In this scenario, preference_order() computes the
pairwise correlation between all pairs of predictors a,
b, and c with cor_matrix(), and
sums the correlations of each predictor with all others. Finally, it
ranks the predictors from lowest to highest sum of correlations.
This option gives preference to those predictors that contain more exclusive information, but in exchange, might not lead to robust models.
x <- collinear::preference_order(
df = vi_smol,
responses = "vi_numeric",
predictors = vi_predictors_numeric,
f = NULL
)
#>
#> collinear::preference_order(): ranking 47 'predictors' from lower to higher multicollinearity.The output shows a column score computed as 1 minus the
sum of correlations, as indicated in the column metric.
Let’s use this ranking in collinear() to then fit a
linear model.
y <- collinear::collinear(
df = vi_smol,
responses = "vi_numeric",
predictors = vi_predictors_numeric,
preference_order = x,
max_cor = 0.5,
max_vif = 2.5,
quiet = TRUE
)
m3 <- stats::lm(
formula = y$vi_numeric$formulas$linear,
data = y$vi_numeric$df
) |>
summary()And finally, an informal comparison between the three preference order methods described in this article.
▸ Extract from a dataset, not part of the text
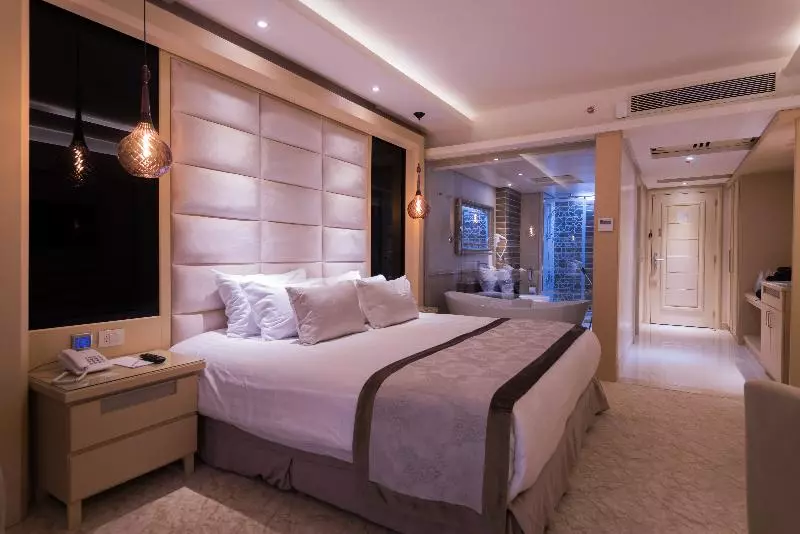 اتاق لوکس با چشمانداز استخر, Kaisol Romance Resort Sahl Hasheesh - Adults Only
#expert mode: focused on specific variables (swi_...)
m1$r.squared
#> [1] 0.7417704
#intelligent predictor ranking: optimized for prediction
m2$r.squared
#> [1] 0.8463813
#naive option: minimizes redundancy, not optimized for prediction
m3$r.squared
#> [1] 0.7494892Please, take in mind that these R-squared values are just coarse indicators of model robustness, and should not be interpreted as proof that one method is better than any other.